Numerous studies have investigated the effectiveness of dry needling for a range of different ailments. Unfortunately, most research conducted is of poor methodological quality, therefore it is difficult to draw conclusions. Currently, the general consensus is:

  • Dry needling is effective at reducing pain in many conditions, but whether it's more effective than 'sham' dry needling treatments is still not yet to be proven. Put simply, the jury is still out due to poor quality evidence. It may be no more effective than a placebo in some cases, but at the very least this placebo can offer temporary relief of symptoms

  • Dry needling alone is unlikely to improve functional outcomes when used in isolation, but may improve outcomes when stacked with other physiotherapy treatment methods such as exercise prescription.

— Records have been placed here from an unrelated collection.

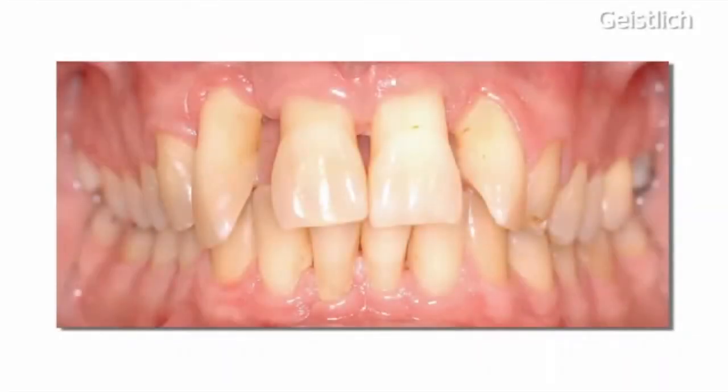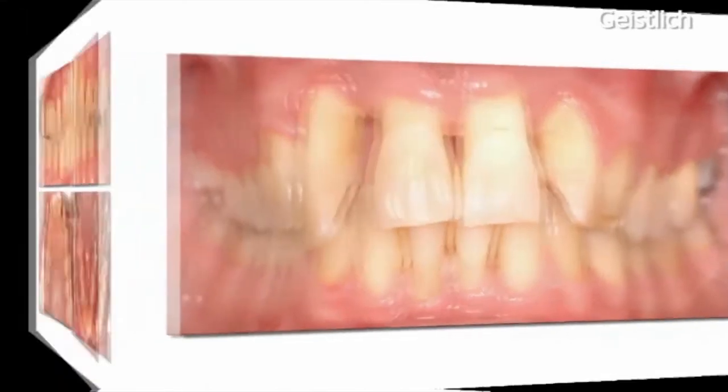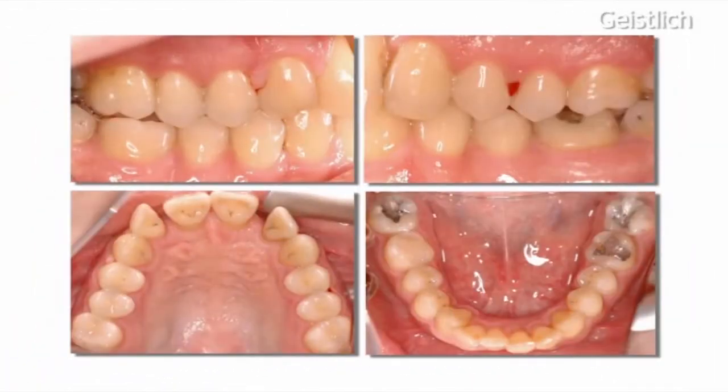This patient is in good general health but suffering from severe periodontitis. He received prophylaxis, including instructions in oral hygiene, scaling and professional tooth cleaning.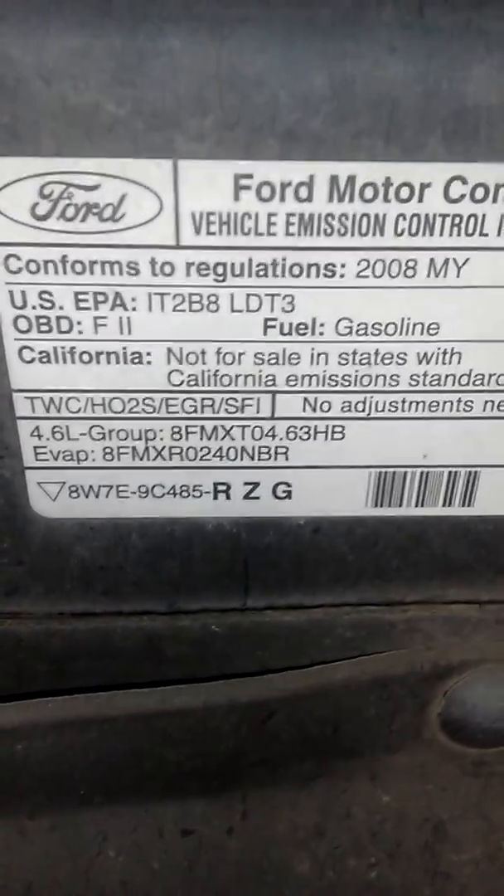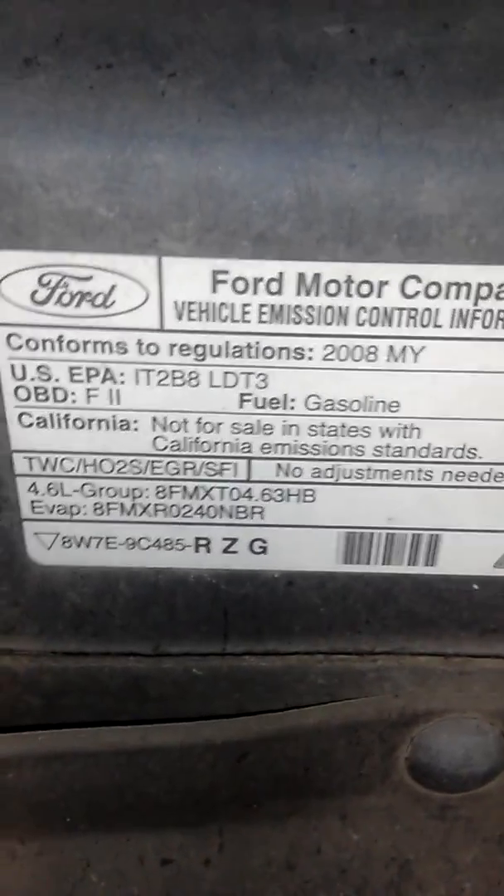I'm working right now on this F-150 4x4 — it's getting a new head. Right now I'm removing the exhaust on this F-150.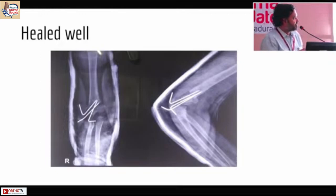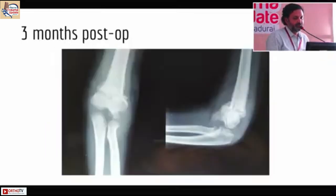On surgery, on exposure, this fragment anteriorly could not be excised at all. Part of it we did excise, but it was so large that we feared the K-wire hold would be compromised, so we excised only partially. On the table we got good range of motion and it healed very well.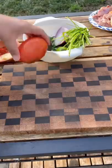Let's make some chicken quesadillas. That's real nice and hot.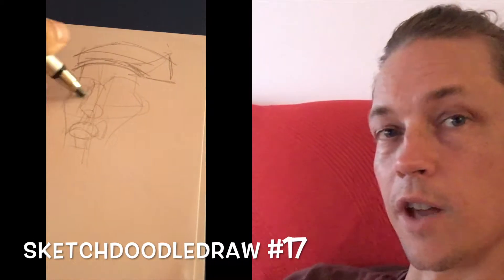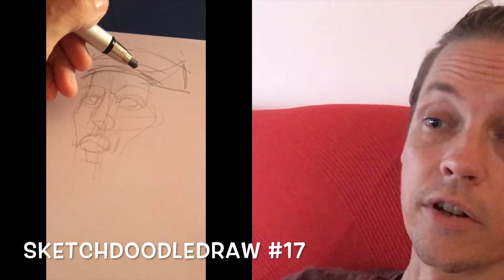Hello everyone, this is SketchedoodleDraw17. I'm Jan, and in this series I'd like to take a drawing all the way from rough pencils, to tight pencils, to digital inks, to colors in Photoshop — taking about half an hour at each step along the way.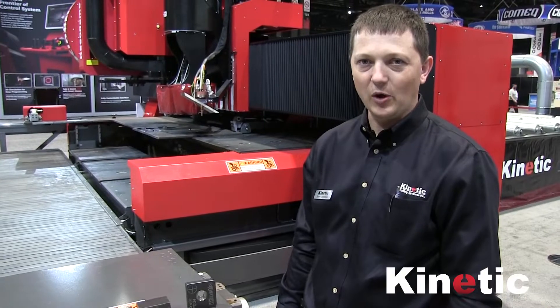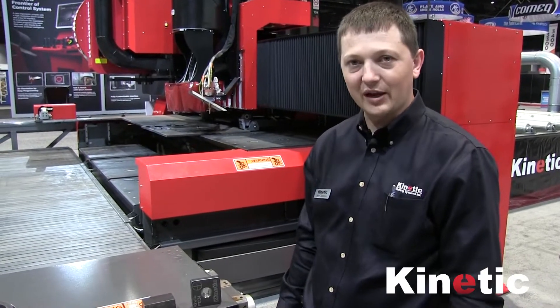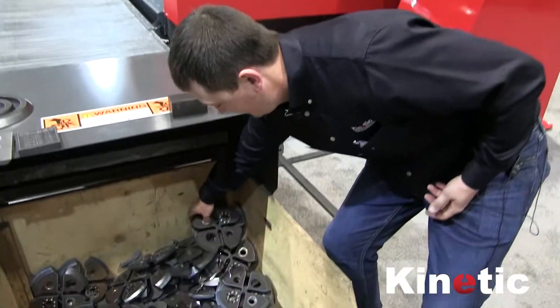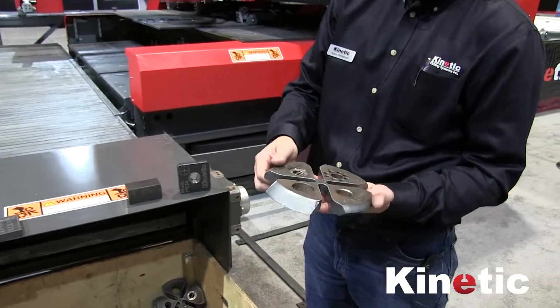This machine is great for small parts, so your operators don't have to get up on the table. They just run out on the conveyor and right into the bin. And here's the part that we just cut.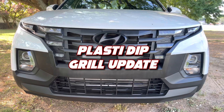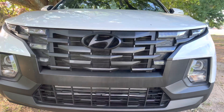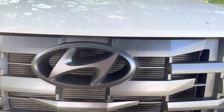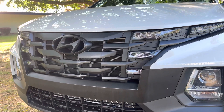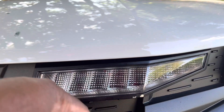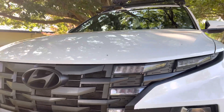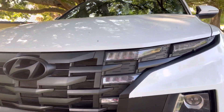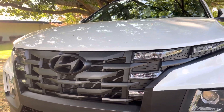It's been quite some time since I plasti dipped my grill and as you can see it's still holding up. This is freaking awesome — think about it, it's only six bucks for a can and you can have some great results from it. The only thing is this little spot here, which if you watched the first video I posted about plasti dipping my grill, that's the part I messed up on and it's still the same way — it didn't peel up anymore.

2. What does clinical expertise tell us?

Most consensus statements (the opinion of experts in the field based off a summary of all available evidence) fail to include dry needling as first line treatment in any musculoskeletal conditions, and if they do, the backing evidence is of very low quality. Synthesis of the available evidence should guide therapists to using dry needling at least in combination with other treatment methods rather than as a stand-alone treatment.


3. What are your values?

What type of treatment do you feel you need? Do you feel like you need hands-on deep tissue massage, stretches, therapeutic ultrasound, advice about what exercise to do? Do you believe dry needles will work? Your own beliefs will probably be influenced by your personal experience with dry needles, what you've heard from family and friends, and what your physiotherapist has told you about them. And these beliefs will likely influence how you respond to any treatments used, including dry needling.


What is our recommendation?

As mentioned, current evidence is mostly of low quality therefore it is difficult to draw clear conclusions. A critical eye might lead us to the conclusion that dry needles may be no more effective than placebo, however there does seem to be strong anecdotal evidence from therapists and patients that they have a positive effect on pain and function. There is continuously emerging evidence (of varying methodological quality) of its effectiveness in various musculoskeletal conditions, however there is still debate and lack of clarity on the underlying mechanisms of action.


So, do we still recommend and use them? It is our belief that you should be presented with all the available information so that you can make an informed decision. Many people come to us for treatment with a firm belief that dry needles will benefit them due to their previous experiences, while others are unsure and will rely on us for an unbiased view to inform their decision. Provided you are being treated first with methods which have proven efficacy and effectiveness (whenever possible), then the addition of dry needles often provides some additional benefit if applied by an experienced therapist.